David Llewellyn Lloyd (1910-1996) was an English pilot, deer-stalker, ballistician, and sporting rifle maker, of Northamptonshire, England, and Glencassley Estate in Sutherland, Scotland.

Although already an experienced pilot he was considered too old at 29, to be called up for service during the Battle of Britain in the Royal Air Force in the Second World War, instead he became the senior flight controller based at Tangmere, Sussex during the Battle of Britain.

Extensive deer stalking, and frequent rifle shooting visits to Bisley ranges, Lloyd established the David Lloyd & Co. riflemakers company (registered company 05202134) at Pipewell Hall in 1936, and in the early 1950s developed the .244 H&H Magnum rifle cartridge, later adopted by Holland & Holland of London.

Although Lloyd had no formal training as a riflemaker, he employed a team of craftsmen from the London & provincial trade to build the rifles in the workshops at Pipewell Hall.

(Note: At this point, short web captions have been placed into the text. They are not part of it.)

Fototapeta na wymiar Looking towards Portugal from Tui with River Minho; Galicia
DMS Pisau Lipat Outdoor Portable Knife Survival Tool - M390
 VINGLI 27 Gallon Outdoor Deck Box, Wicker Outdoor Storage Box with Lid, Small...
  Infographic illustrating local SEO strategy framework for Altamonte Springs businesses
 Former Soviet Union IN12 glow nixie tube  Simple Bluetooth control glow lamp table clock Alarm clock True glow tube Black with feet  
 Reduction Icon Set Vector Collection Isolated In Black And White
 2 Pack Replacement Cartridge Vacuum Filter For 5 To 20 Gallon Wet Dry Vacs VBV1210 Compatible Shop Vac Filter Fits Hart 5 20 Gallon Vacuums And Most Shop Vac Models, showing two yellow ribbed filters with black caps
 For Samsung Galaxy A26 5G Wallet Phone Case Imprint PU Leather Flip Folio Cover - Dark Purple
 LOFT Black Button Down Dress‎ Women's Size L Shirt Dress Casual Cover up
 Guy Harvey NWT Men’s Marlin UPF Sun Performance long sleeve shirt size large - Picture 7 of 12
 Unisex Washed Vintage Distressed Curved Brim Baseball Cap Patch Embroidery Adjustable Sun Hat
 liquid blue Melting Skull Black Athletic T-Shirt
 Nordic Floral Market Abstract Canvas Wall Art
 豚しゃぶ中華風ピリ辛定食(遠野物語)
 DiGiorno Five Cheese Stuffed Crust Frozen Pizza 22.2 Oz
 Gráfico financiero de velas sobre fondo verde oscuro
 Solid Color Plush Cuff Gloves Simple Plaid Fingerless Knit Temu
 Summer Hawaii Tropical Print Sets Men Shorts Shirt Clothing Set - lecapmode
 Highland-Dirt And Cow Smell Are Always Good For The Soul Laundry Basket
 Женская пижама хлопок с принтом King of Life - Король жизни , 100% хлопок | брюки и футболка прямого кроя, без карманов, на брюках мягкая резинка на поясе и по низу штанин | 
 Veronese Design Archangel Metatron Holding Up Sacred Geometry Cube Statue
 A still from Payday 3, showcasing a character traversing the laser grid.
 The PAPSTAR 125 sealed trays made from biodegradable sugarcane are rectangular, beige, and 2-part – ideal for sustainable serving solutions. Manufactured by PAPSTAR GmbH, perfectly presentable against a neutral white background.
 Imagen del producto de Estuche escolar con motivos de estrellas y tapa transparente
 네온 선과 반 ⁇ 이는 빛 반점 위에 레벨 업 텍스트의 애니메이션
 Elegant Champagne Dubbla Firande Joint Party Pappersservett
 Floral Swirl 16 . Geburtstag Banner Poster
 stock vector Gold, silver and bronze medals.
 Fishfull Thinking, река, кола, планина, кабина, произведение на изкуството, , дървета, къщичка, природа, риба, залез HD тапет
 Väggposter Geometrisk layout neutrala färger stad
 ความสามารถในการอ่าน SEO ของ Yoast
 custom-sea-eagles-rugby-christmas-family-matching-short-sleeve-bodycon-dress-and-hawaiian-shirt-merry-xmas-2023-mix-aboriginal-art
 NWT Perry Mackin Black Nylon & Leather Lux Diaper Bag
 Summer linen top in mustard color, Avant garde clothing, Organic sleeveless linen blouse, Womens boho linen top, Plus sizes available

Lloyd developed the distinctive Lloyd rifle concept, and from the 1960s to the mid-1990s he built magazine-fed sporting rifles based on commercial Mauser 98 & Sako actions with distinctively integral scope sights, capable of dependably high accuracy at long ranges, and of handling modern high-intensity, flat shooting cartridges such as the .244 H&H, the .264 Winchester Magnum and the .25-06 Remington. Lloyd noted that he attached a rifle to a scope, rather than the more normal saying of attaching a scope to a rifle.

Shooting Times voted the Lloyd rifle number 8 in its list of the top 12 Rifles of All Time, and Country Life magazine described Lloyd himself as “a National Living Treasure”. Lloyd rifles are owned by rifle makers Bill Ruger and Roy Weatherby and by several owners of Scottish deer forests.

In his deer-stalking career of over 60 years, Lloyd killed more than 5,000 Scottish highland red deer stags, the vast majority of them with rifles built by his company.

Lloyd's wife Evadne (“Bobby”, the longest-serving governor of the Royal Shakespeare Company in its history) keenly supported him in his business and helped him to source fine walnut blanks for his rifle stocks from various European sources. On Lloyd's death in 1996, she took on the business, which by then was doing little trade, and ran it until she died in 2003 when the company was sold to John Shirley, formerly Technical Manager with James Purdey and Sons of London. He subsequently offered the business name, goodwill, and records of the David Lloyd company for sale at auction in London in December 2006.